シンクタンクを立ち上げて13年になる。思い返すと、設立当初のスタッフの1人は、すぐれたデータ管理のスキルを持っていた。十年を過ぎた今も、彼女が作ったコンピュータソフトを使っているほどだ。

しかし、残念ながら、そのスキルは継承されなかった。彼女が退職したときに、十分な引き継ぎがなされなかったからだ。そのため、優れたシステムがあるにもかかわらず、機能を限定的にしか使えない状態が続いた。
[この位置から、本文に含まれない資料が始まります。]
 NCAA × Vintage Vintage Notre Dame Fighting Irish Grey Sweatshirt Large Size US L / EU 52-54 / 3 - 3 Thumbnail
システムが持つ機能が十分に発揮されるためには、それがどう運用され、どう引き継がれていくかという視点が必要だ。仕上がった設計図を眺めて悦に入っても、仲間うちで称賛されても、現場で機能しなければ意味がない。

美しい設計図を書くことは、運用の実を継続的に挙げることに比べると、それほど難しいことではない。しかし、現場と設計室を行き来しながら、絶えず設計を修正する作業には、時間と手間と謙遜と柔軟性が要求される。

パウロは、自分を建築家にたとえている。モーセが「幕屋の型」(出エジプト25章9節)を示されたように、パウロも教会の設計図を見せていただいた。そして、イエス様という教会の土台を据えた(第1コリント3章11節)。

イエス様ご自身が、「わたしが道」(ヨハネ14章6節)だ、と自己証言しておられるところから、パウロが据えた土台とは、イエス様が模範を示された「神に服従する道」だとも解釈できる。この建築家は、イエス様の生き方を自分の汗と涙で伝えた。

深遠な神学も、洗練された宣教戦略も、模範なしには現場で実を結ぶことはない。生き方は、インターネットでダウンロードするわけにはいかない。日々十字架を背負う生活の現実は、一緒に生きることなしには伝わらないのである。

 

ヨハネ12章24節
一粒の麦がもし地に落ちて死ななければ、それは一つのままです。しかし、もし死ねば、豊かな実を結びます。